Now I am sure you love Madelene, but "being in love" with someone is not a justification for continuing to live in sin. Where in the Bible does it say do what feels good to make your heart happy? You and your partner were not being tortured by the church, your feelings got hurt and you were offended by the Truth. If God comes first above all, like you claim, then you should make Him first above all. God is calling you to make a choice Deb: Either continue to mock God by openly living in disobedience as a lesbian, or abandon your lifestyle if you truly want a personal relationship with the Lord of your life. You can NOT have both!

"For we know that our old self was crucified with him so that the body of sin might be done away with, that we should no longer be slaves to sin." - Romans 6:6

Will you continue to be a slave to your sin forever, Deb? For your own sake and those around you, I sure hope not. Take up your cross, deny yourself, and follow Jesus today! Do not let this sin of homosexuality reign in your mortal body any longer so that you obey its evil desires. Put your sin to death once and for all, be a "Doer of the Word" (James 1:22), and don’t be a hypocrite any longer!

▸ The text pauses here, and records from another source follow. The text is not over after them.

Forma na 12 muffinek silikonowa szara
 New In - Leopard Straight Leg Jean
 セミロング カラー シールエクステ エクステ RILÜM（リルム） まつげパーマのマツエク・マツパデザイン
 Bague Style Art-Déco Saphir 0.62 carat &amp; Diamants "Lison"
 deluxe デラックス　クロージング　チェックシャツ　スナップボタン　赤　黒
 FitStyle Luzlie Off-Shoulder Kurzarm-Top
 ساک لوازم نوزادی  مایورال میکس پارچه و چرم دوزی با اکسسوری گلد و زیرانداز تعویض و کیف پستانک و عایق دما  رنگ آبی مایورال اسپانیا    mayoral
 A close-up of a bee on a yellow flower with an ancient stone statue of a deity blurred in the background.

Thanks again for giving me the platform to share what is on my heart. My prayer is that you will receive this in the LOVE of which it is intended.

Sincerely in Christ,

~ Dani

(Copyright 2006 - All rights reserved)

Saturday, June 03, 2006

I'm Back...

It's been quite a vacation. Plans changed from a beautiful peaceful getaway in the Hamptons, to a wild and crazy week and a half in Provincetown, MA. We ventured out with a few friends to enjoy the good ol' Cape.

To give you an idea of how the vacation was---Madelene left me for a much...umm... 'well rounded' and voluptuous woman. And to even think I had some dangerous curves! I can't compete with this one.
I'll be back Monday (or sooner) once I take a vacation from my vacation. Sorry I've been neglecting my blog.